Curcuma longa commonly known as Curcumin, Turmeric and Indian saffron is native to Southern and Eastern Asia due to it’s preference to grow in humid environments and need for well drained soil, growing up to 3 feet tall perennials with large lily leaves and yellow pale flowers, and producing orange pulp in it’s rhizomes.1, 2 The fleshy rhizome of the plant is used for medical and culinary purposes and is harvested in the winter months.
Anciently used as a dying and culinary colouring agent, Curcumin was valued to be an important botanical due to it’s use in aiding bruises when applied topically, and it’s medicinal uses with relieving and treating a wide array of inflammatory, blood and liver disorders.1, 3 It was also used as a primary traditional remedy in Chinese herbal and Ayurvedic Medicine for digestive concerns, to increase mucus production in the gastrointestinal system and for relieving nausea.2
From extensive clinical studies, curcumin has been well studied for it’s anti-inflammatory properties and antioxidant applications, thus useful for treating inflammatory conditions such as rheumatoid arthritis and osteoarthritis.5, 6 When applied to the skin, under sunlight, curcumin has been found to be antibacterial in nature and hence can be used for a wide array of skin conditions including acne, eczema, psoriasis and fungal infections such as athlete’s foot. It has also been found to lower cholesterol levels, and have anti-carcinogenic properties, both as a preventive and addition to medical treatments.  Further research has also shown it to be an effective anti-coagulant, assisting in blood thinning and is used as a preventative measure for those at risk of developing heart attacks, stroke and other cardiovascular conditions. Curcumin is also known for improving and increasing bile flow and production.2, 4
1. Stuart, Malcolm. The Encyclopedia of Herbs & Herbalism. Classic Bookshops, 1979. Print.

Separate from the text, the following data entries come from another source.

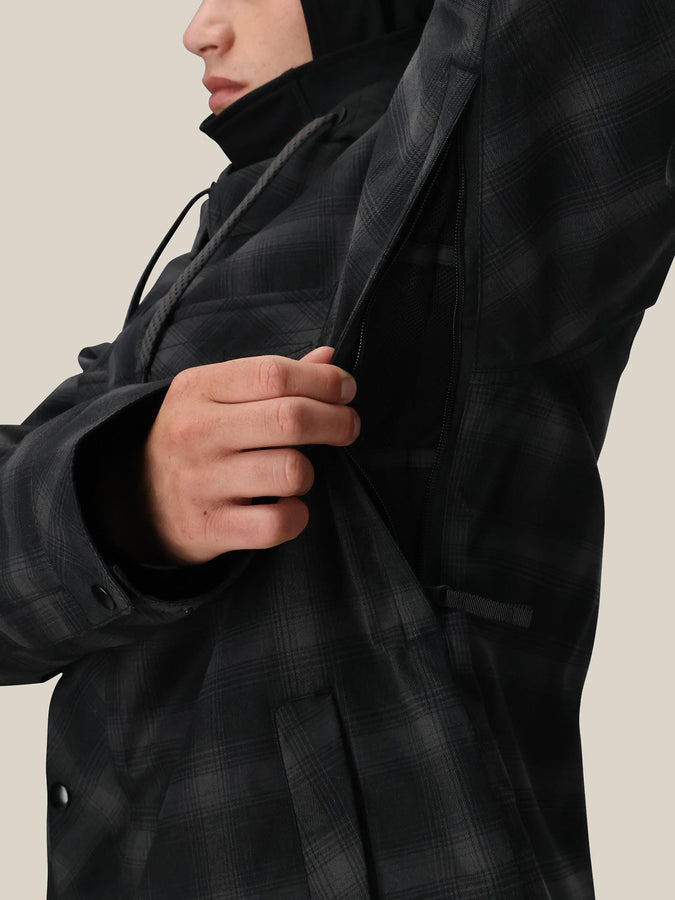 686 Woodland Insulated Jacket Winter 2026 | BLACK PLAID (BLPD)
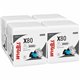 Wypall PowerClean X80 Heavy Duty Cloths Extended Use Cloths - Quarter-fold - For Industry, Rough Surface - 12" Length x 12.50" W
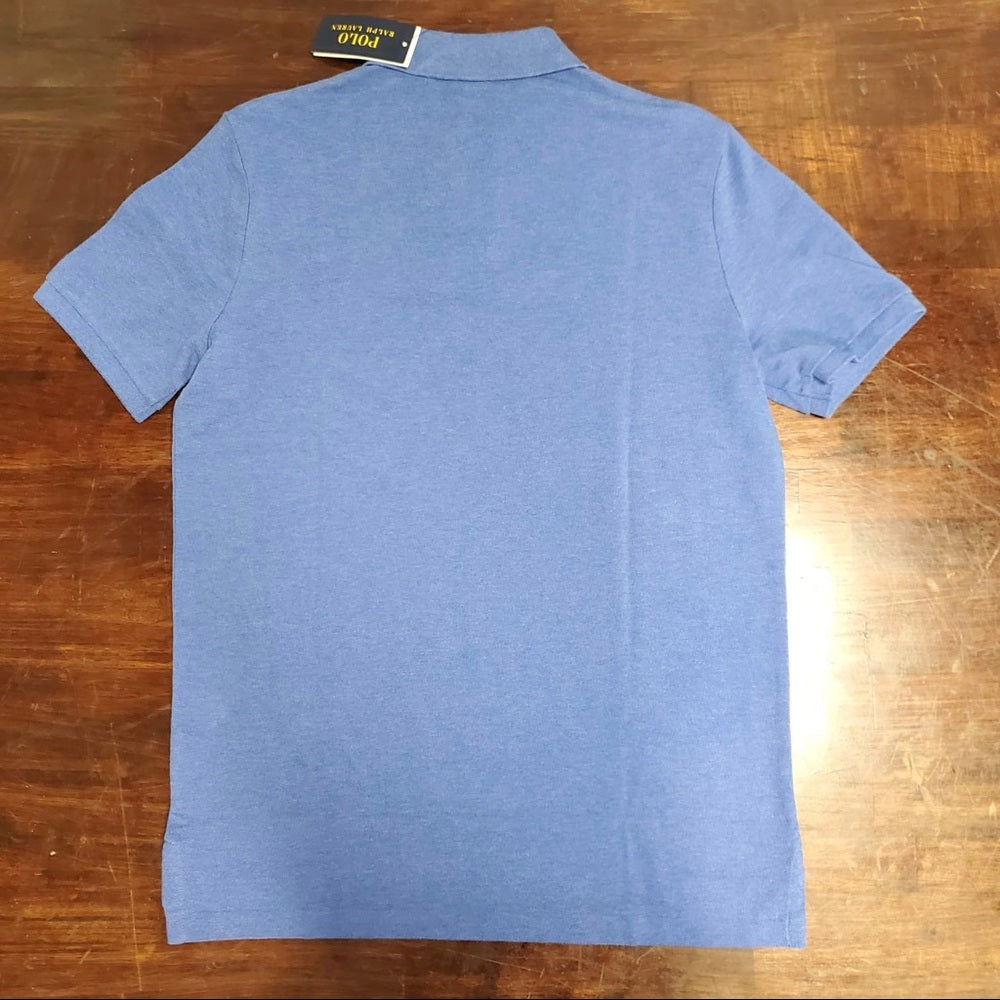 Sz Various Polo golf dress shirt blue
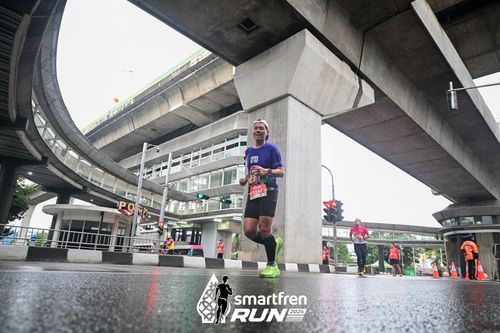 Race photo from Smartfren Run 2024
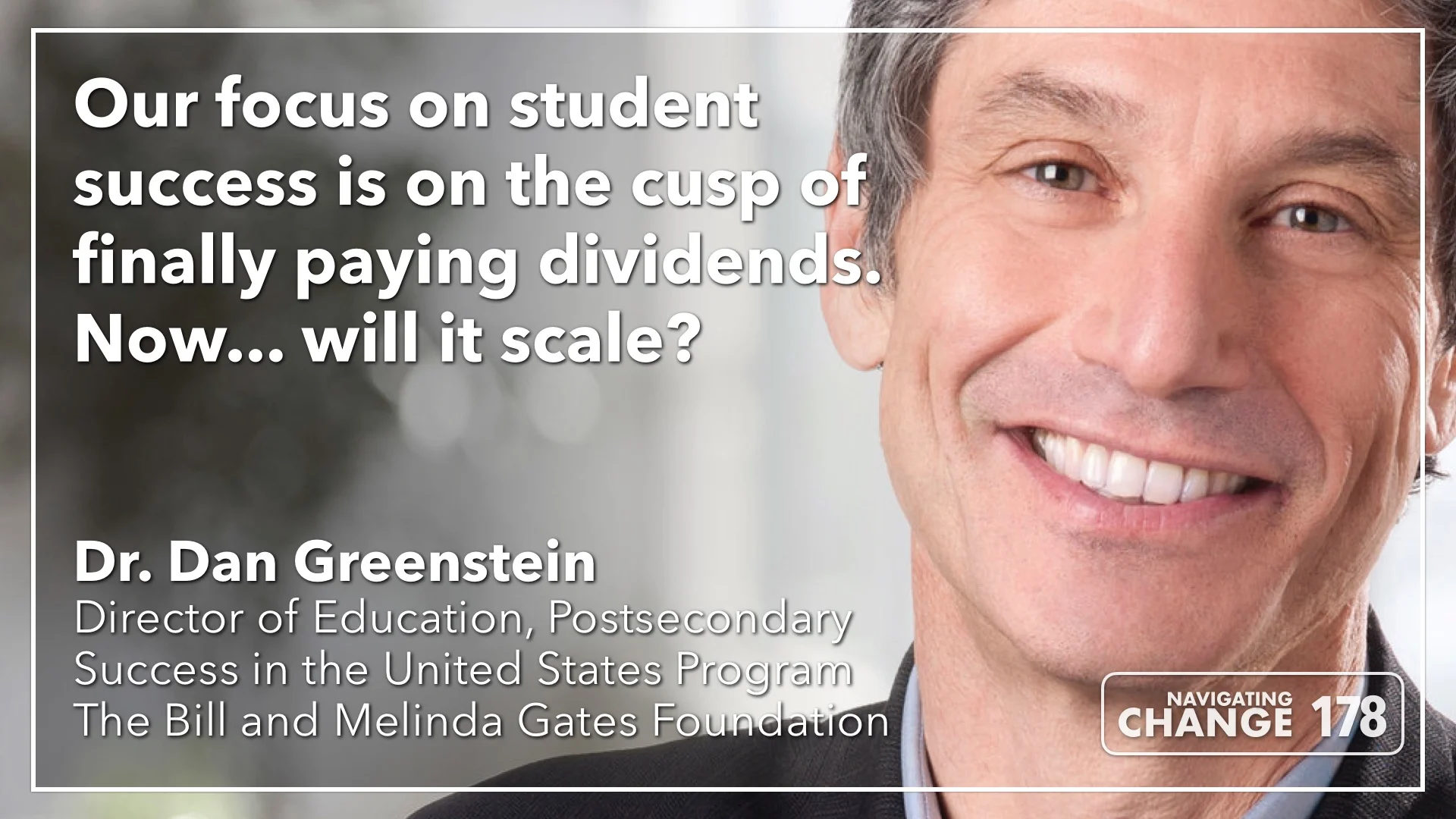 Gates Foundation’s Daniel Greenstein on Equity, Sustainability, and the ...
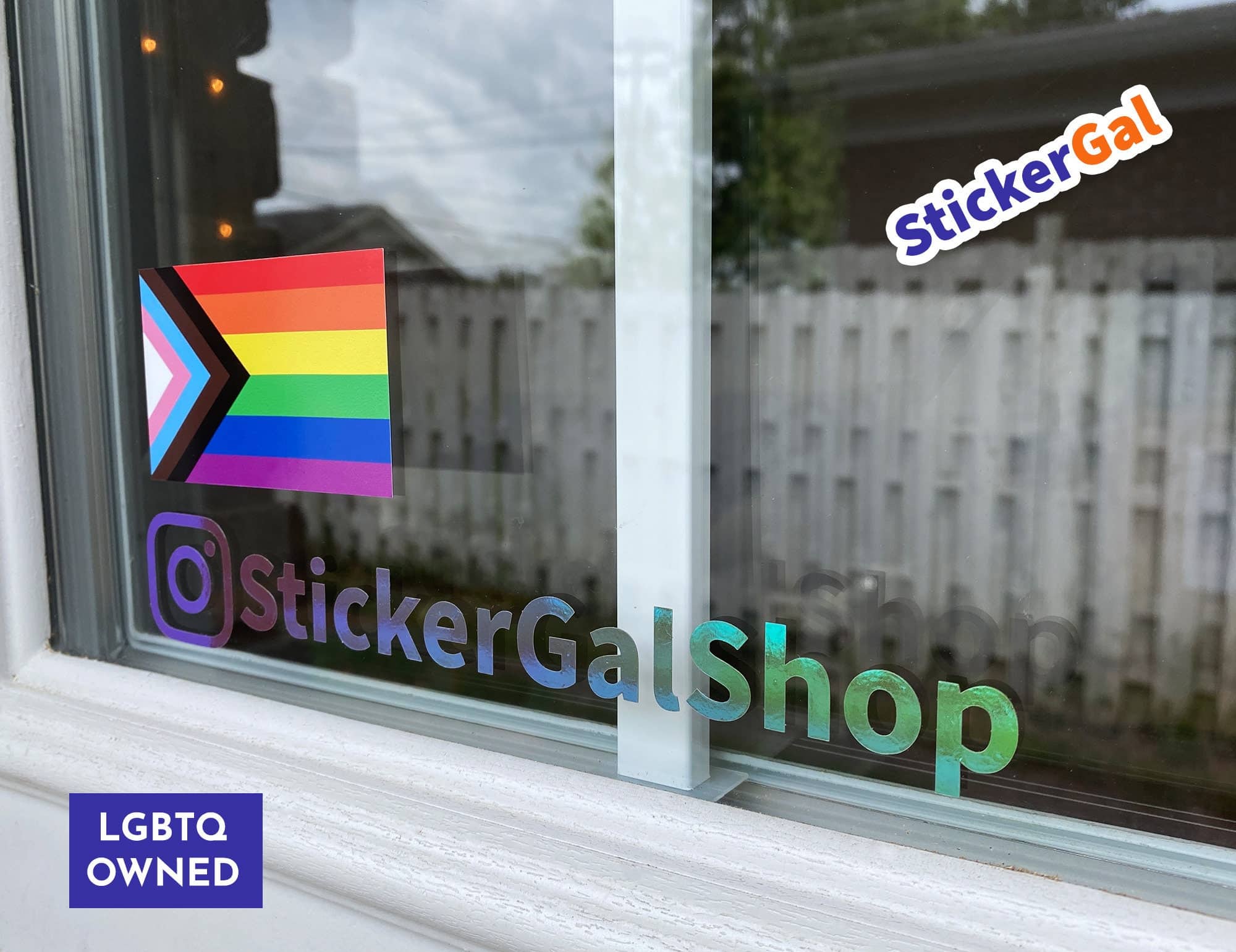 Pride Window Stickers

2. Chevallier, Andrew. The Encyclopedia of Medicinal Plants. DK Publishing, 1996. Print.
3. Boon, Heather and Smith, Michael. The Complete Natural Medicine Guide to the 50 Most Common Medicinal Herbs, 2nd ed. Robert Rose, 2004. Print. 
4. Godfrey, Anthony and Saunders Paul R. Principles and Practice of Naturopathic Botanical Medicine: Volume I: Botanical Medicine Monographs. CCNM Press Inc, 2010. Print.
5. Hoffman, David. Medical Herbalism: The Science and Practice of Herbal Medicine. Healing Arts Press, 2003. Print.
6. Heber, David. PDR for Herbal Medicines. Thomson, 2007. Print.